Glock was established in 1982 and had its first pistol accepted as the Austrian Army’s standard-issue sidearm in 1983. It was a big win in the firm’s home nation, but the next year the Norwegian military followed suit, elevating the company’s stature quickly above that of a local favorite. Skepticism about the polymer-framed gun’s durability ebbed, although American enthusiasts are a more traditional breed.
In 1986, the company decided to dip its toes in the United States market, establishing a headquarters in Smyrna, Ga., where it remains today. Commercially available stateside G17s were on the shelves by 1988, although their reception was lukewarm at first. It wasn’t long until law enforcement agencies began making the switch and the 9 mm Luger-chambered semi-autos, however, and with each announcement the handgun gained traction at checkout counters.
The company understood a military-size pistol isn’t ideal for all law enforcement applications or the first choice for most American enthusiasts. So, Glock wisely rolled out the G19 the same year. It was roughly 3/4 inch shorter than the G17 and about a half inch less in height The change dropped magazine round-count to 15, sacrificing only a pair of cartridges in the double-stack configuration. The pistol also weighed two ounces less than its predecessor.
Rigorous testing by law enforcement agencies and subsequent adoption of the gun fueled interest. Glowing reviews piled on, and it wasn’t long until G19 sales boomed.
There are five, factory-fresh G19 variants available today, in Gen 3, Gen 4 and Gen 5 models. The latter pair also include optics-ready MOS versions.
All have a 4.02" length barrel, are chambered in 9 mm Luger and come standard with 15-round magazines. Versions capable of carrying 17, 24, 31 and 33 cartridges are available directly from Glock.
G19s feature the company’s famed Safe Action System and tip the scales at slightly more than 23 ozs. empty. The grips feature finger grooves in the Gen3 and Gen4 lines. A modular backstrap system in the Gen4 and Gen5 variants allows owners to customize fit to their hands.
Perhaps the most-glowing endorsement to date on the G19’s performance came from the U.S. military a few years ago. Mark A. Keefe, IV, explained in the 2016 article, “The Marine Corps as a whole has not adopted the G19, but the Raiders (as part of U.S. SOCOM) are issuing their operators G19s. Last year, the Raiders were authorized to issue 9 mm G19s side by side with the Colt-made .45 ACP M45A1. This year .45s are no longer in the holsters of Marine Raiders.”

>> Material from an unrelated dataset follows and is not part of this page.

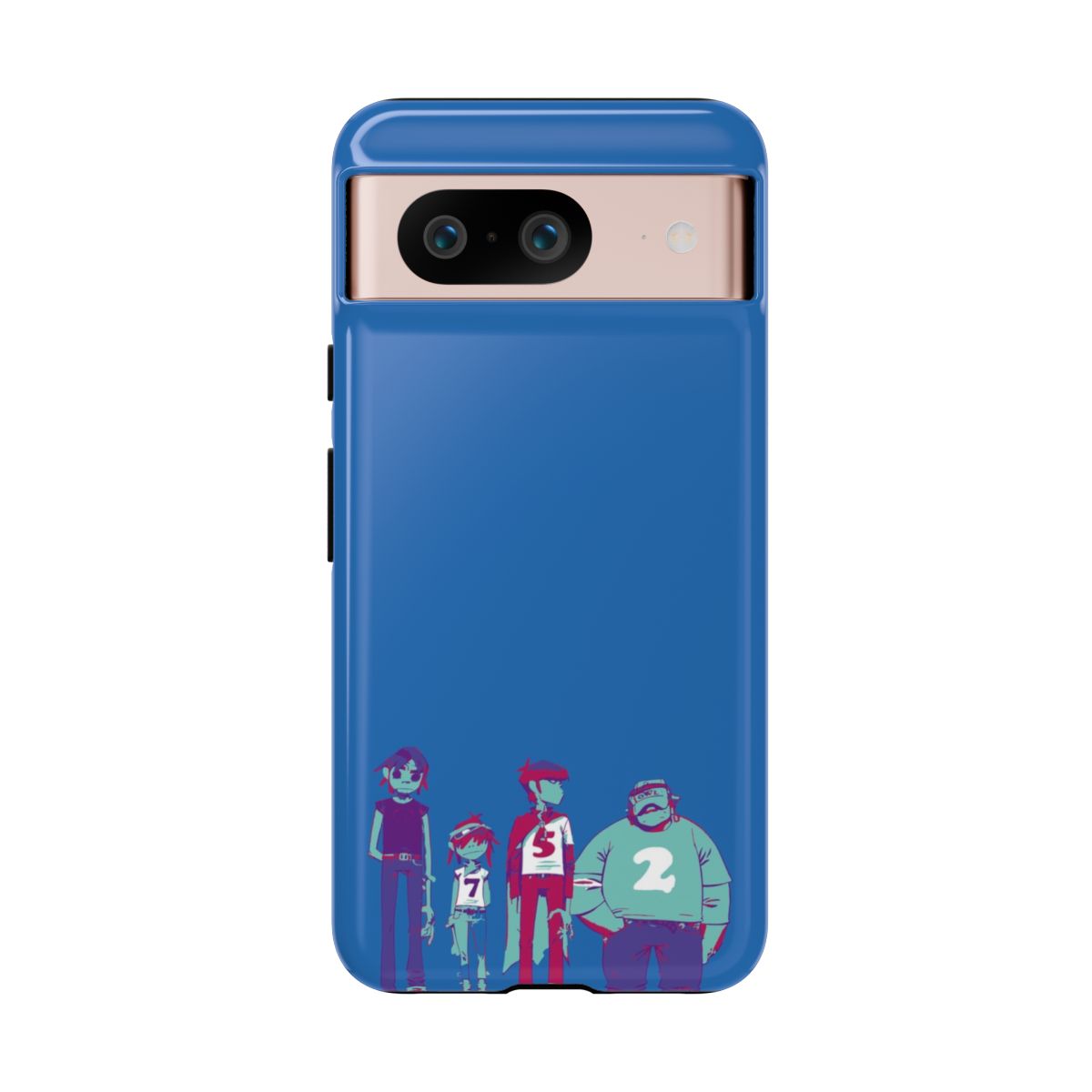 2,5,7 Phone Case
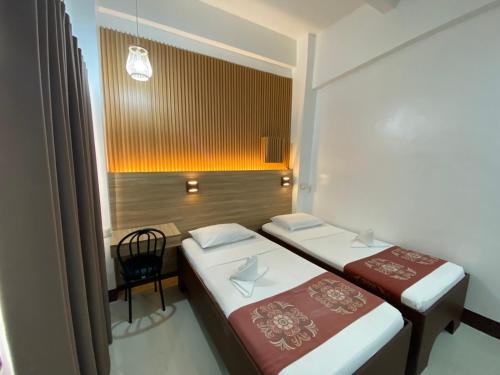 Mariana Hotel | Stone House Quezon City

MSRPs are not listed on the Glock website, but reputable retailers currently list the Gen 3 model as selling at $600 and up, depending on color/embellishments. The factory-standard black is the bargain-basement model. Expect to pay around $800 for MOS versions.
There’s also a G19X, which was the company’s first “Crossover” pistol (seen above). It was also the first to come with a factory-colored slide, and the coyote look sets is apart cosmetically, although there are more changes. Among them are a standard-magazine capacity of 17 cartridges, and commensurate increase in height of 0.4". Weight, empty, also increases by about 1.5 ozs. The combination of G17 frame and G19 slide will set you back somewhere around $650.